YOUR ASSIGNMENT> What is needed is an exact reproduction of the lines in the records below, starting at the line with "รถ Mitsubishi Triton" and ending at the line with "image for item", both included, and nothing else; pictures stay out.

PROVIDED RECORDS>
■ ■ ■

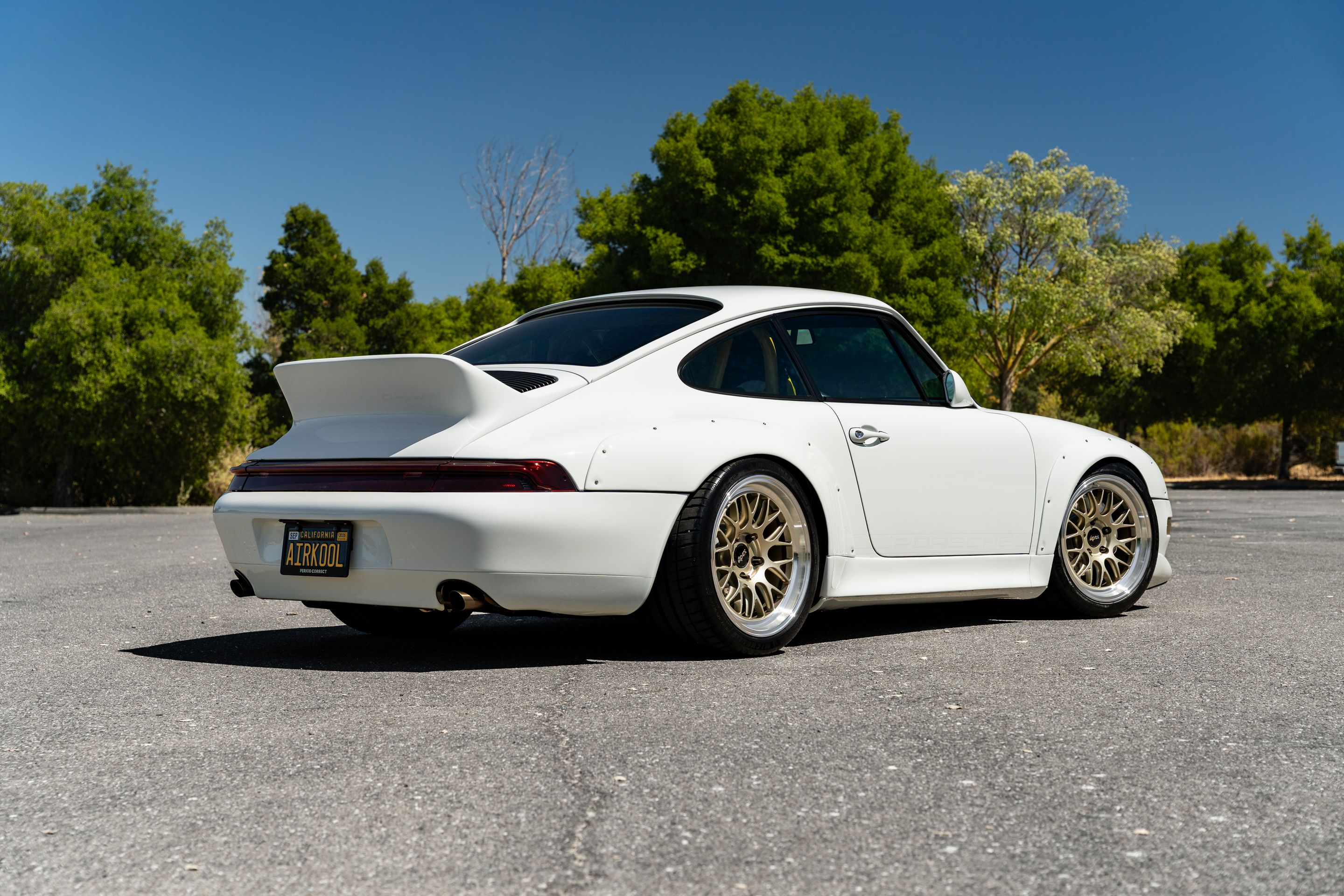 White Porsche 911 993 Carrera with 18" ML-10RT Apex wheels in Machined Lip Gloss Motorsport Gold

■ ■ ■

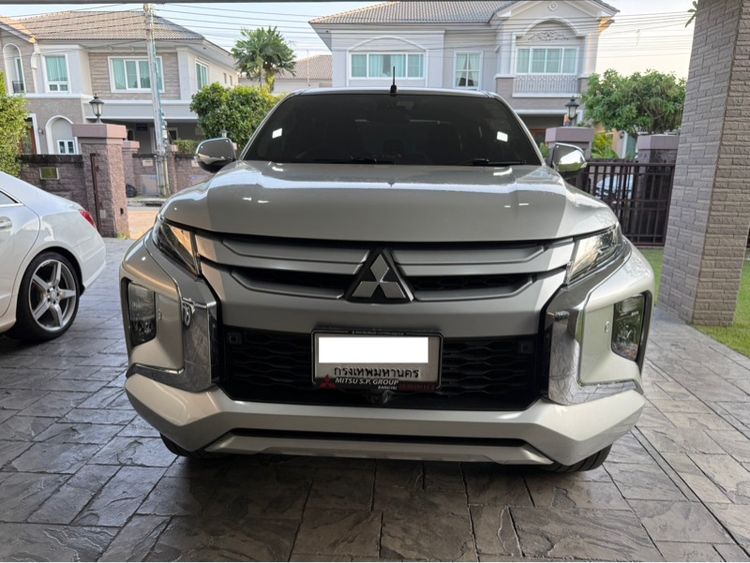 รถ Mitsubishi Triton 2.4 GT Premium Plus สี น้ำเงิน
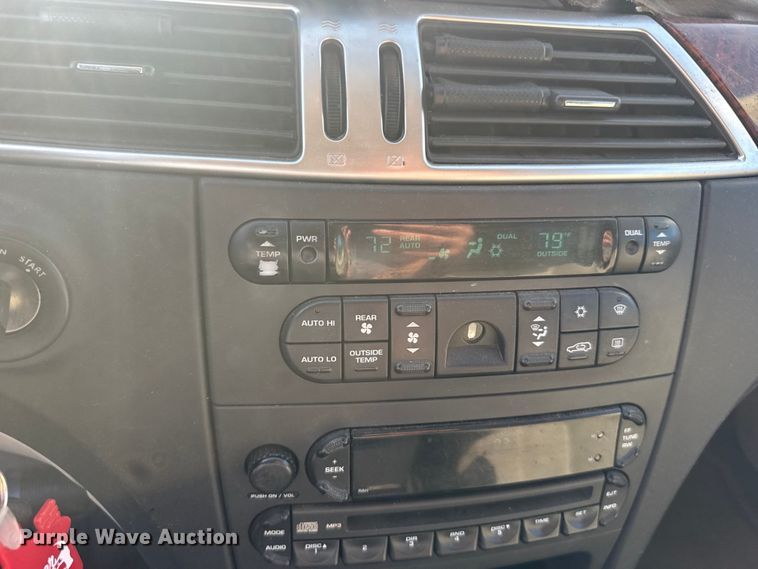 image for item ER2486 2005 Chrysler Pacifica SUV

■ ■ ■

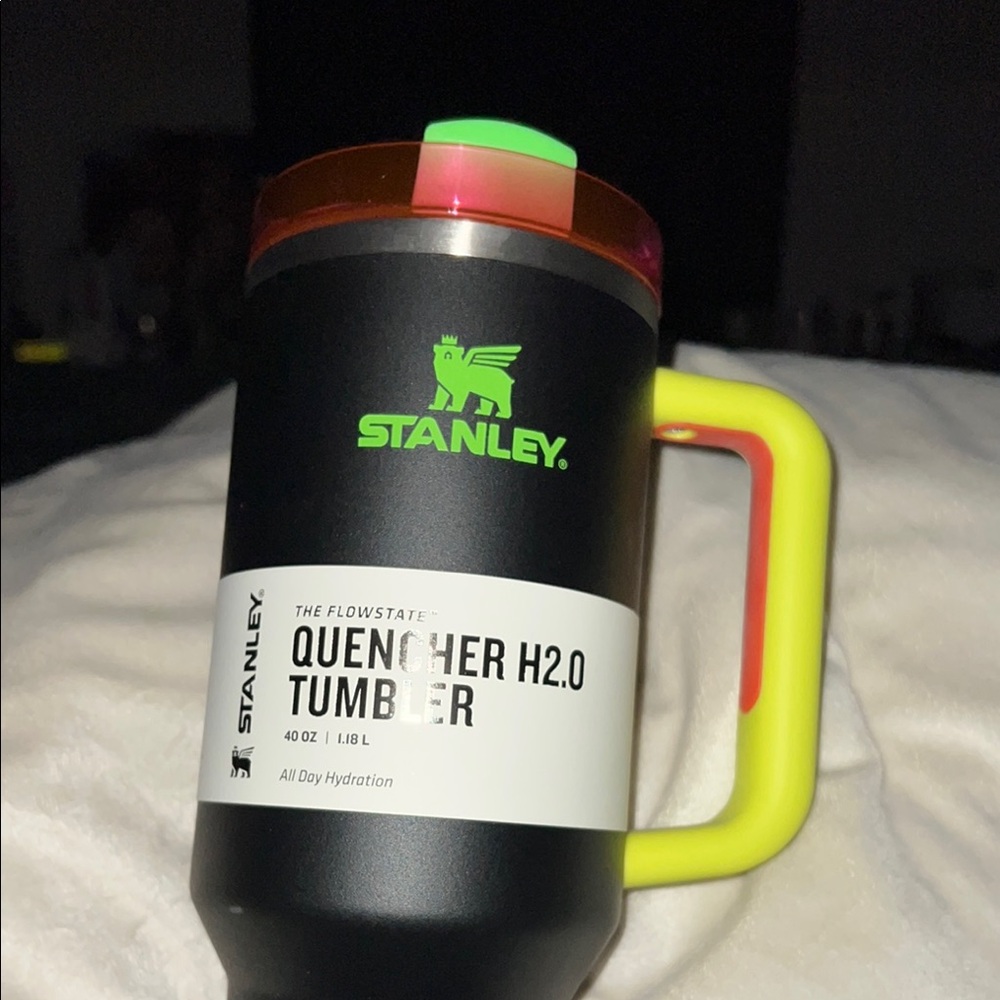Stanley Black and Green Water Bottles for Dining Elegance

■ ■ ■

EXERCISE RESPONSE>
 รถ Mitsubishi Triton 2.4 GT Premium Plus สี น้ำเงิน
 image for item ER2486 2005 Chrysler Pacifica SUV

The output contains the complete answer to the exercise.